もちろんあの東さんにも、気に入ってもらえた。とは言えないがよく話してもらえるようになった。

「おー、神谷やんけ、また見に来とんのかい」
「東さんお疲れ様です!はい、お邪魔してます」
「お前も大変やのぉ、アイツ等大変やろぉが」
「大変とは…?」

なんや知らんのか?と続けられた東さんの言葉に私は心臓が止まりそうになった。
失礼しまう。と一言声をかけて私は走りだした。

−なんや知らんのか?今年の1年、不作の年言われとんねん。

そう東さんに言われ居てもたってもいられなかった。
不作?みんなあんなに頑張ってるよ、結城くんをはじめとする1年全員頑張ってるのに、不作なんていわないでよ。
気がつくといつもの練習場所に来ていた。

「じゅ、んっ!!」
「あー?ルイどーしたんだよ、すっげぇ怖い顔してんぞ」
「うるさいっ!!それより、知ってるの?」
「何がだよ」
「不作の年…って、言われてること…」

これを純に伝えてどうなるんだろう。
負けず嫌いの純のことだから、負けん気を出してもっと頑張ってくれるかも。なんて思う自分もいれば、純を傷つけてしまったかもしれない。なんて後悔してる自分もいた。

「知ってるよ…そんなこと」
「知って…るって、でもっ!!純もっ!みんなもっ!!」

こんなに頑張って自主練頑張ってるのに!と言おうとした私の言葉は純によって言えなかった。
純が私の身体をそっと抱きしめてきたから。

「じゅ…」
「泣くな。
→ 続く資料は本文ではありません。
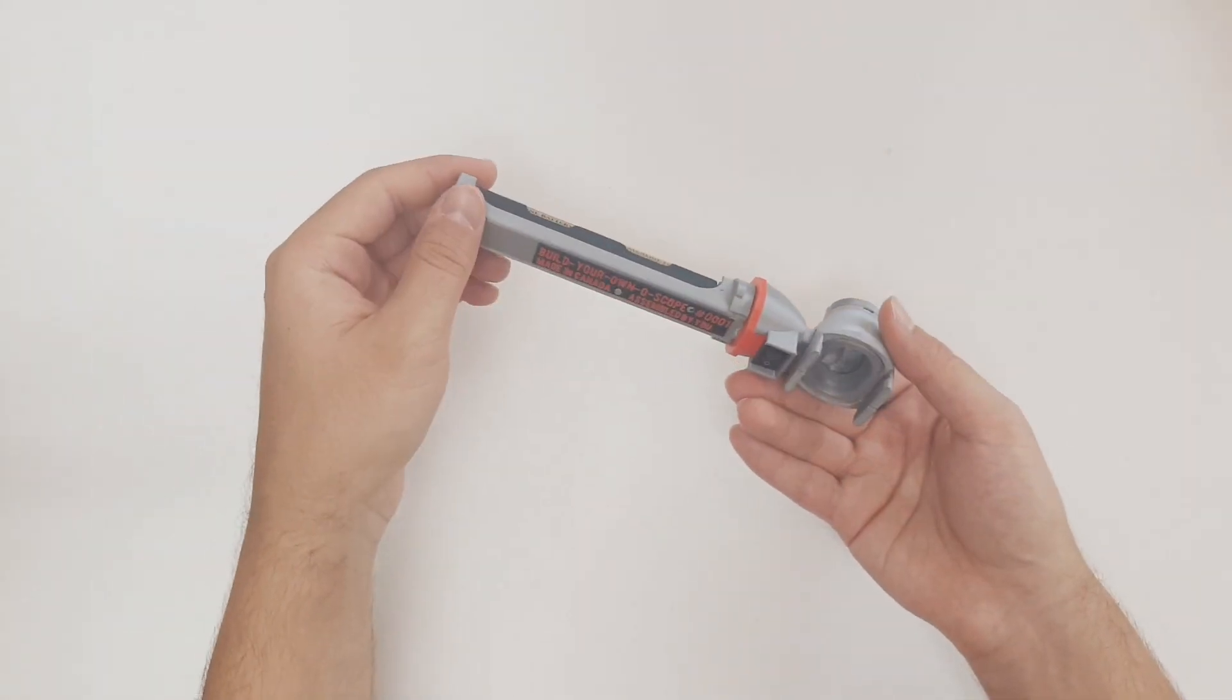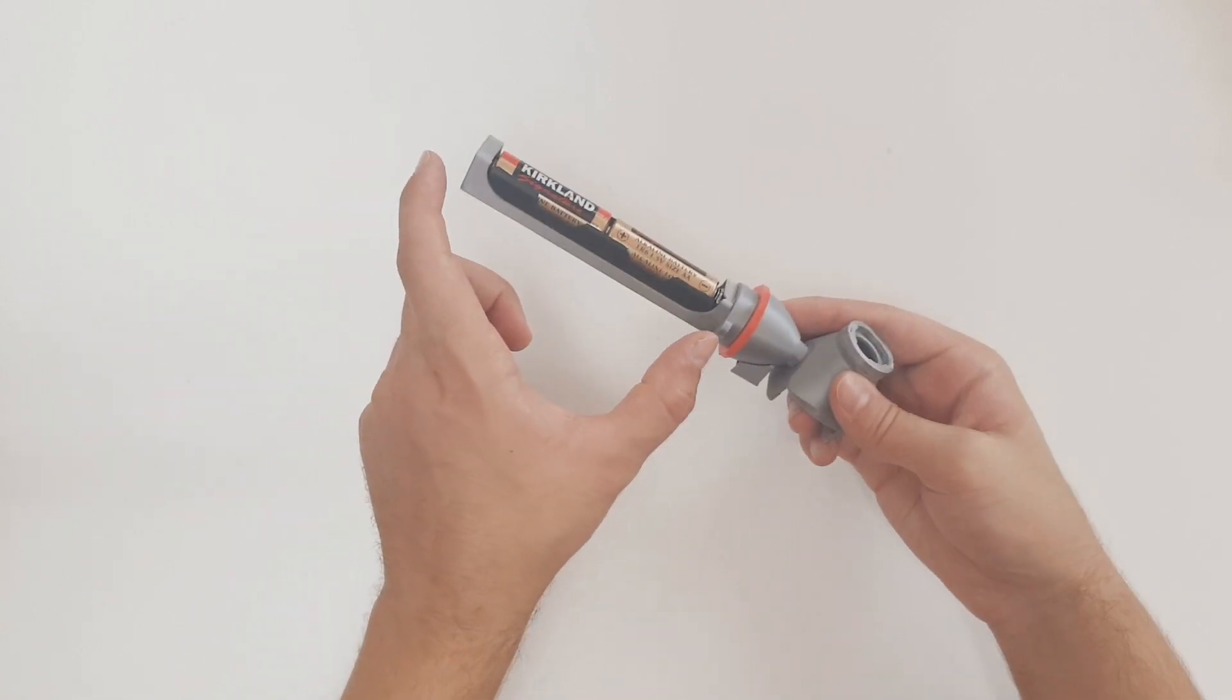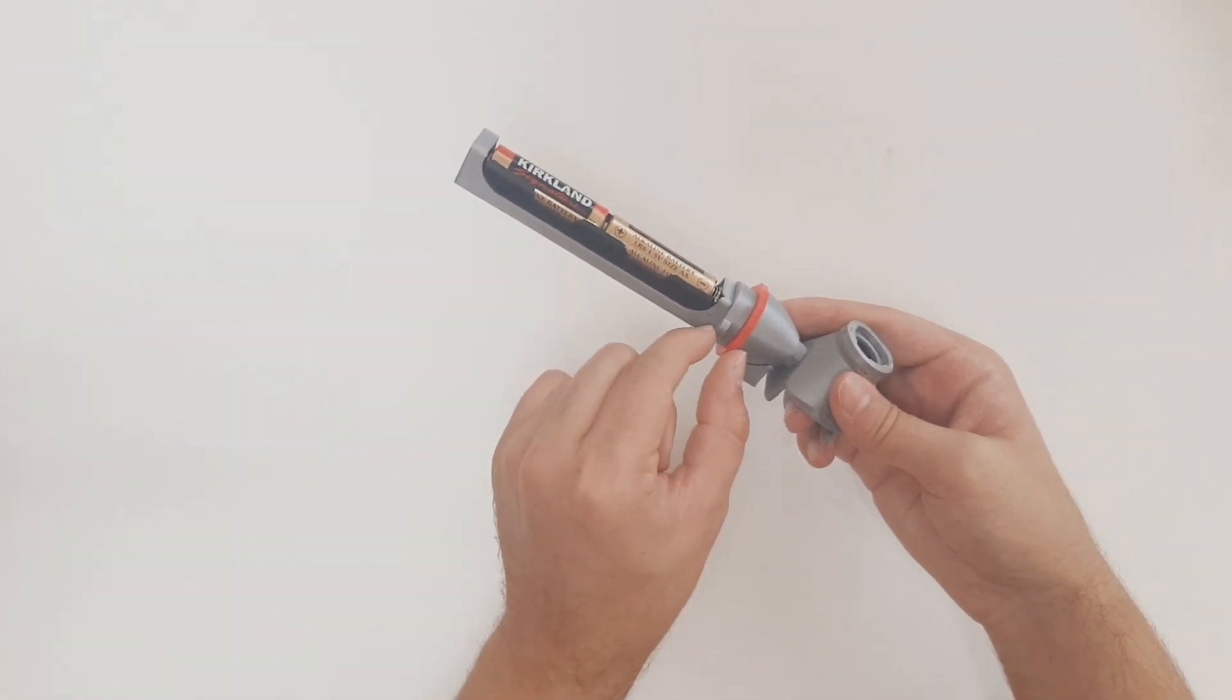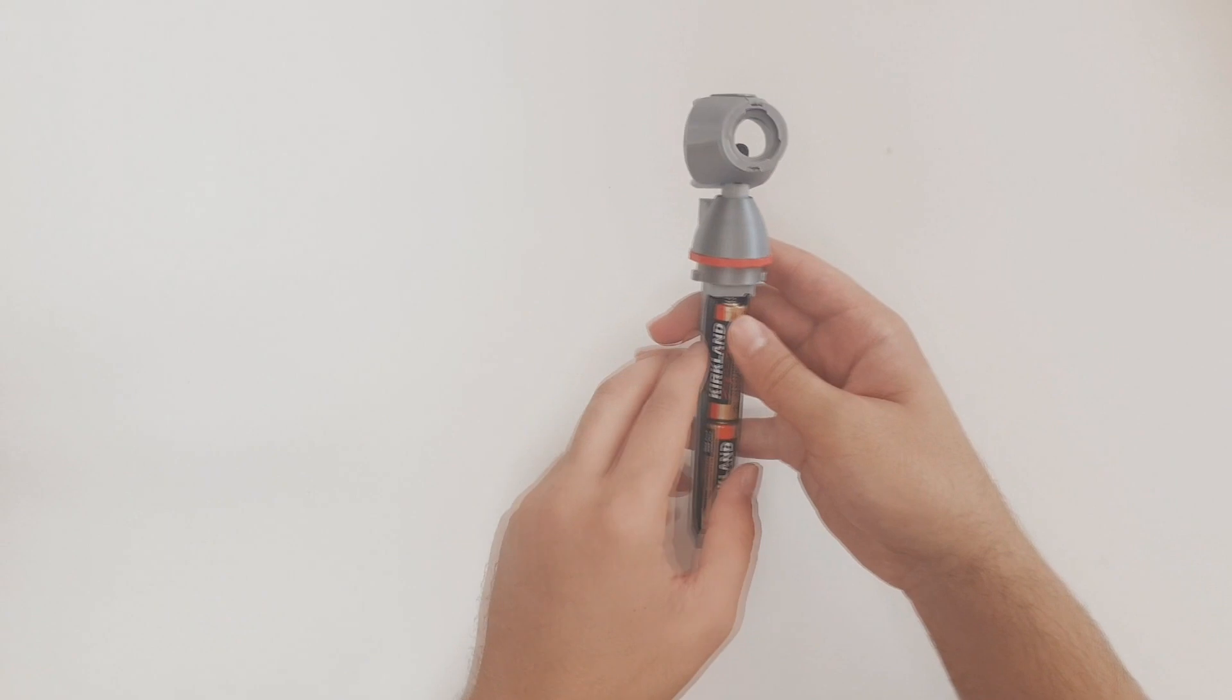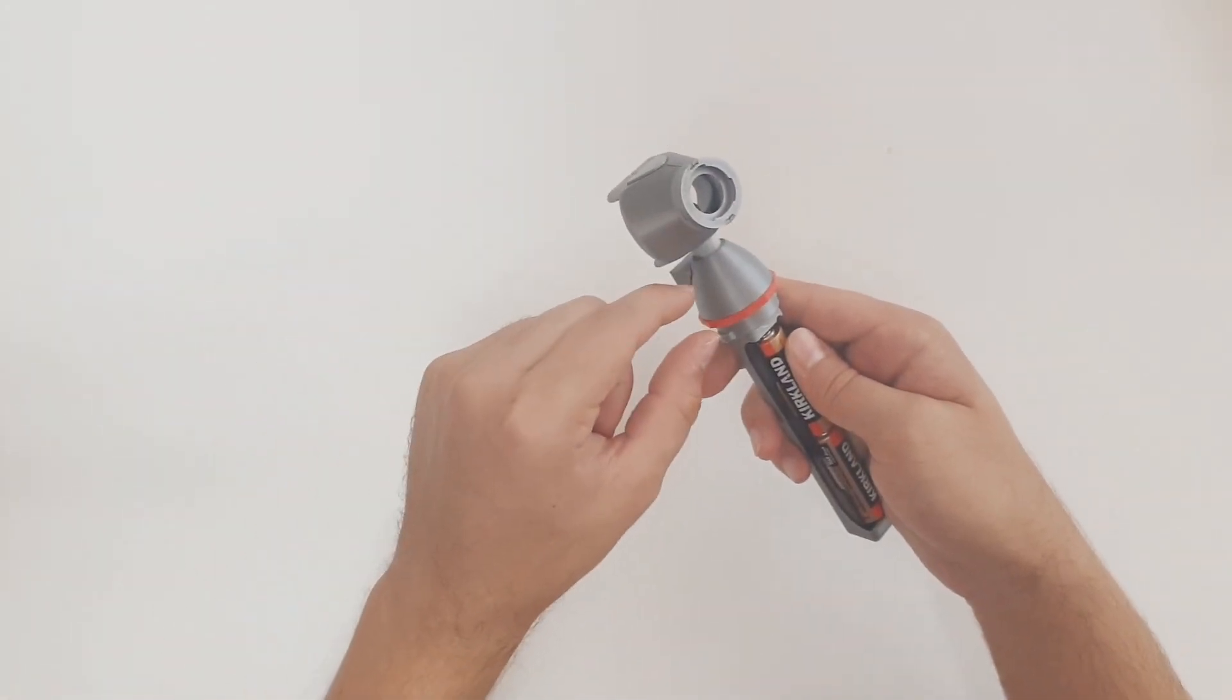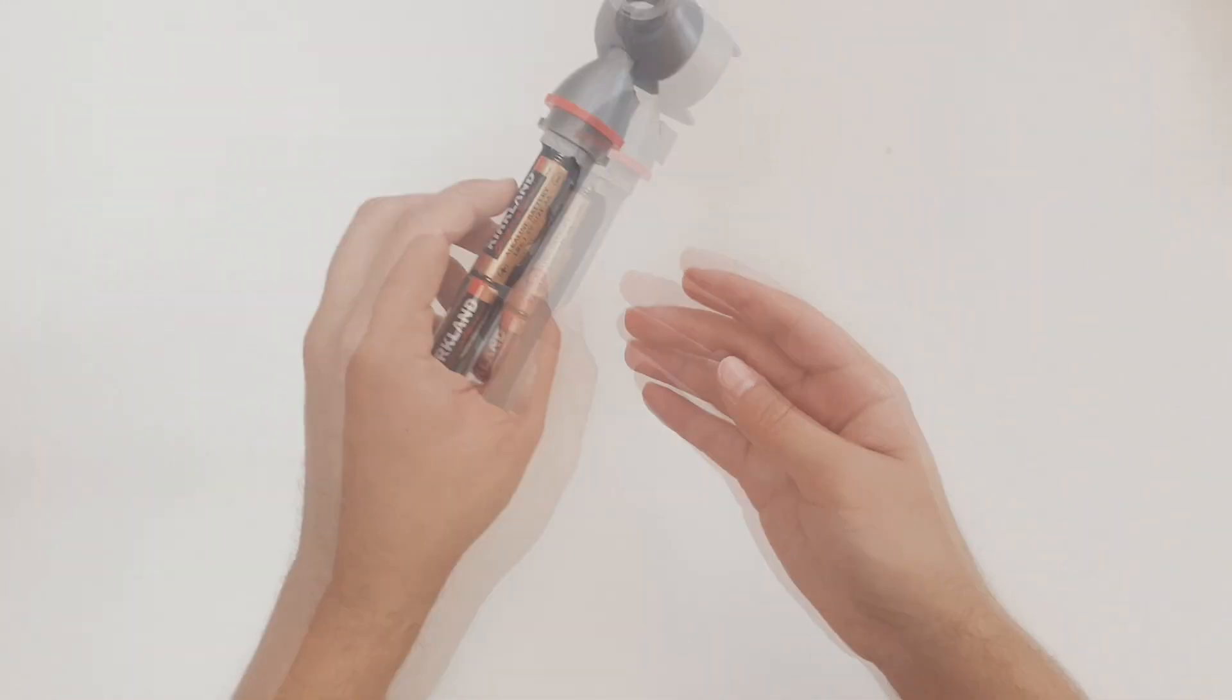In building this otoscope, we will start by first assembling the battery compartment area, then we will add a few pieces to this battery compartment area. We'll then switch gears and assemble the otoscope head, and after the head, we will assemble this middle button area. The last step is putting it all together, so let's get started.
俺は負けねェって約束したろーが」

自分では気がつかなかったけど私の頬には涙が伝っていて、それに気がついたからかそっと小さい子をあやすように順は優しく抱きしめてくれた。

「でも、みんな…こうやって、練習…」
「今はまだ、先輩達にもギャラリーにも好き勝手言わせとけばいいんだよ。ゼッテェ見返してやっから、待ってろ」
「うん…わかった」

でもね、悔しい。と言うと俺もだよ。と純が続けた。

知ってるよ、純が投手を諦めて外野手に変更しないか?と言う言葉がかかってること。
きっと純は私には言ってくれないことわかってた。小湊くんに知らされなかったらきっとずっと知ることなかったと思う。

きっと悩んでるんだと思う。それでも私に相談してこないのは、本気で生き残るための選択肢をわかってるからなんだよね?